*** Data section ***

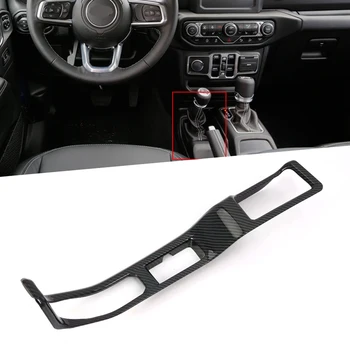 Carbon Fiber Style ABS For Jeep Wrangler JL 2018 2019 LHD Car Styling Interior Gear Shifter Panel Handbrake Cover Finish
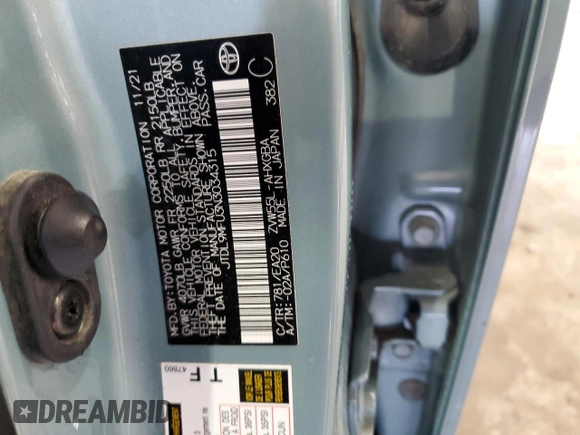 2022 Toyota Prius LE with VIN JTDL9MFU3N3034315, listed as a Copart auction lot 57041045 with 77,307 mi miles and Salvage title. Bid and sale history available at DreamBid. Image 13.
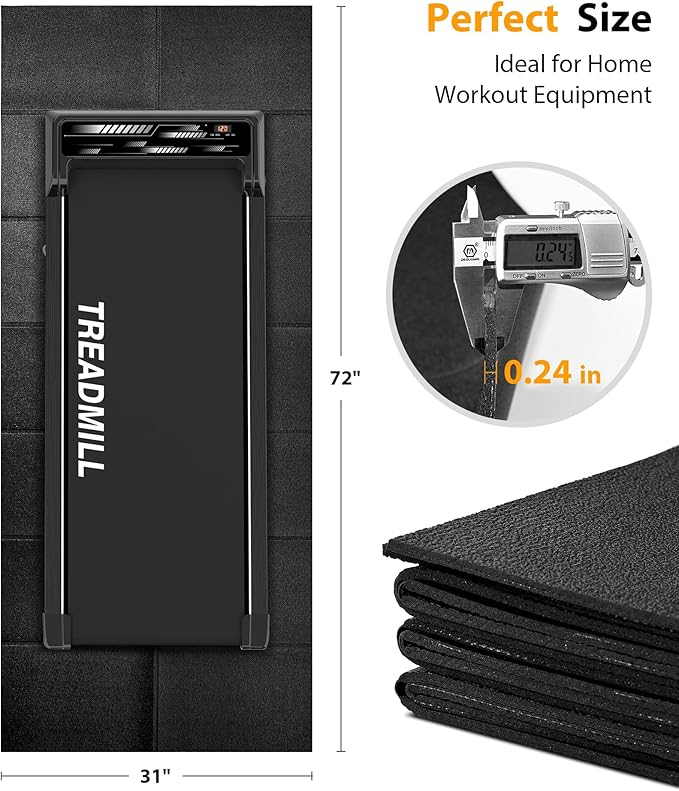 Foldable Rubber Treadmill Mat - Exercise Bike Mat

*** End of Data section ***

Work order: Exactly as written, copy out the listing, but without any pictures.

Exercise result:
 Carbon Fiber Style ABS For Jeep Wrangler JL 2018 2019 LHD Car Styling Interior Gear Shifter Panel Handbrake Cover Finish
 2022 Toyota Prius LE with VIN JTDL9MFU3N3034315, listed as a Copart auction lot 57041045 with 77,307 mi miles and Salvage title. Bid and sale history available at DreamBid. Image 13.
 Foldable Rubber Treadmill Mat - Exercise Bike Mat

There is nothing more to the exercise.